Témoigner de ce qui ne se laisse pas dire

On arrive sur le parking, se range sur la place encore libre près de l’entrée et bientôt par un furtif jeu de miroir mental on s’aperçoit être déjà dans ses gestes de chaque jour. On s’éveille à soi-même par le milieu. Le trajet, on l’a fait sans savoir. Il aura fallu qu’on se dirige à travers la ville, qu’on anticipe les freinages, cède le passage ou s’insère, passe les vitesses, rétrograde, guette les intentions des autres automobilistes, articule un nombre invraisemblable de coordinations complexes pendant vingt ou trente minutes. Cela ne se fait pas sans l’accord des pensées et des gestes. On n’y aura pourtant mis qu’une part de nous-mêmes. Ç’aurait pu être un tunnel tout du long, percé seulement de quelques brèves fenêtres : le paysage, il ne nous en reste rien — c’est comme si on ne l’avait pas vu. L’habitude ou la semi-conscience l’a escamoté.
Est-ce là bien différent ? Je suis dans l’atelier. Les gestes se sont enchainés, guidés par des nécessités qui n’ont pas eu le besoin de se signaler dans l’espace verbal. Quand je me surprends à me demander ce que je fais, mes mains sont déjà affairées, ma tête complète danse, entrainée par une musique intérieure. J’ai fait des choix, connu des hésitations, jeté par intervalles des regards par la fenêtre, ai cherché un chiffon pour m’essuyer les mains, suis revenu à la surface rectangulaire qui me sollicite depuis je ne sais quand, que j’explore et défriche, architecture laborieusement.
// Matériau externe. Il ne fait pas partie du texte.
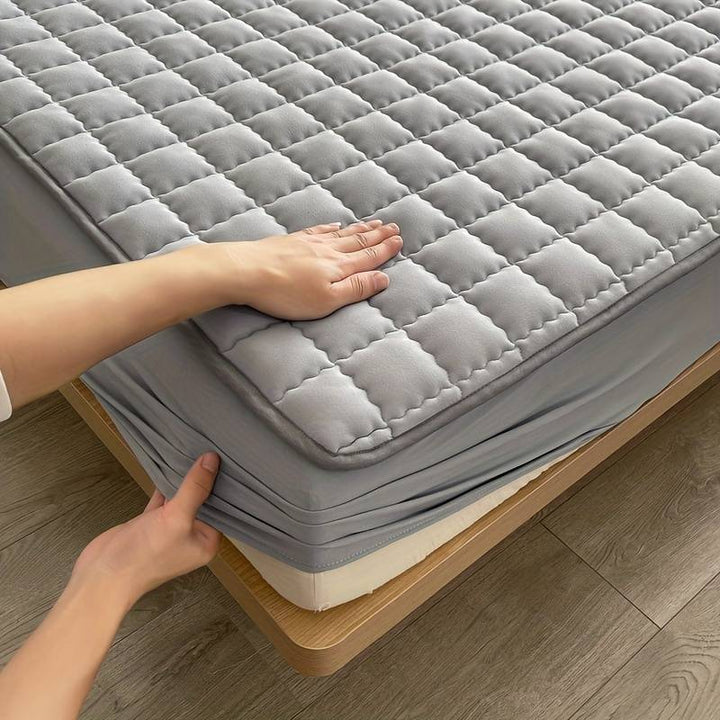 Elastic Quilted Mattress Protector - Mattress protector - Grey - Seravelle Home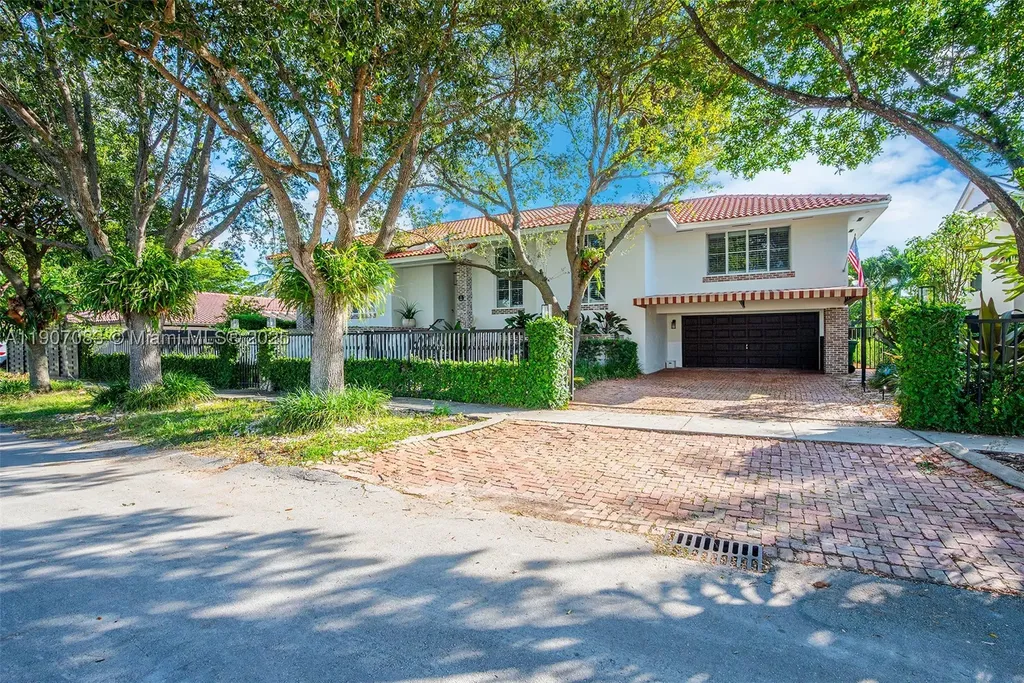 8025 SW 91st Avenue Miami FL 33173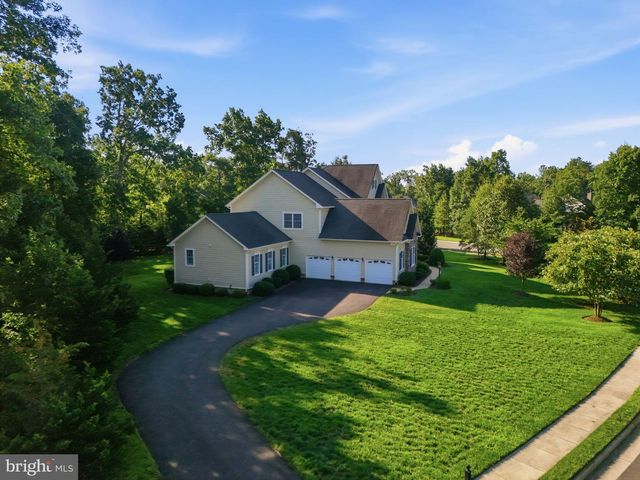 10801 PINNACLE DR, Spotsylvania, VA 22551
Mettons : un morceau de mur sur lequel bavent des ombres, une large masse végétale qui tombe comme un rideau, un effet de contrejour, puisqu’il s’agit d’une peinture dite figurative. Tout autant l’équilibrage, l’ajustement de ces différents rapports de masses, textures, valeurs qui se font à travers ou à l’intérieur même du sujet. Quelque chose de simple, sans mouvement, à peine un éclat qui se répercute fugacement dans la conscience quand le regard traine sur les reliefs et les aspérités du visible. Des qualités particulières d’espaces, d’arrangements.
Mais, me demanderait-on sur quoi je travaille, comme il arrive parfois, qu’aurais-je à répondre d’autre que de convenu ? Je peins un paysage (si on peut désigner ainsi une grande masse sombre, presque abstraite, accompagnant un fruste muret). Est-ce vrai ? Quoi de plus, quoi de différent des précédents ? Et pourquoi, si s’en est un, peindre alors ce ou ces paysages ? Qu’est-ce qu’ils disent ? A défaut ; qu’est-ce que ça dit, de s’occuper à ça ? Qu’est-ce que ça nourri ? Qu’est-ce que ça purge ? Qu’est-ce que ça s’entend dresser ou abattre, étendre ou creuser ?
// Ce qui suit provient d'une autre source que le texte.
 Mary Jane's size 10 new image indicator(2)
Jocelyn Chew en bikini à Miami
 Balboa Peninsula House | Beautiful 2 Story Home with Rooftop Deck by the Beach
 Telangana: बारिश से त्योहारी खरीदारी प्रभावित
C’est comme dans ces rêves : vous vous surprenez dans une situation, mais rien ne raconte comment vous êtes arrivés là. Il vous reste seulement maintenant à faire face, à explorer ou répondre à ce qui vous sollicite. Un regard, un autre plan de caméra et vous voilà aux prises avec d’autres décors, d’autres personnages selon la logique disruptive d’un plan de coupe.
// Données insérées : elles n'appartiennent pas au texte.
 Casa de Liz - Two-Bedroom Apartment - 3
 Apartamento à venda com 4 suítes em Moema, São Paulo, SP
Pourtant on pourrait insister : là où je suis allé marcher, les vues que j’ai prises, les commandes de toiles et de couleurs, le choix d’un fond, l’esquisse de la composition, tous ces allés et retours contre le mur, les longues minutes à méditer le regard aiguisé ou vague, affalé sur une chaise et puis un sursaut pour tendre le bras ajuster quelque chose. Il faut bien que se soit défini un projet, élaboré ou du moins esquissé une intention, manifesté une volonté. Il a fallu qu’un désir tape à la porte, tende la main, tire à lui. Puisque je suis là drôlement affairé en tenue de mécanicien, dans les vapeurs entêtantes de térébenthine à touiller des couleurs dans des gamelles. Il faut que je réponde à des exigences autoritaires pour que je rumine, reprenne, me désespère parfois, jette le pinceau par terre, retourne le récupérer.
Mais tout ça me fuie. Les gestes s’exaspèrent des mots que je cherche, que je manque ou qui manquent ce qui se joue. Je ne sais pas bien si c’est important au fond de savoir par le savoir des mots ce qui se cherche là, ce qui est au travail dans cet espace. J’y parviens de plus en plus mal. Ou je ne crois plus à cette magistrature. Une part de moi s’affranchi sur un chemin parallèle, que l’autre perçoit dans la périphérie de son champ visuel, comme dans ces trajets en train ou passager en voiture on se laisser bercer par les routes qu’on longe qui souplement ondulent, s’écartent ou se rapprochent, divergent, disparaissent pour réapparaitre toutes proches dans la même houle.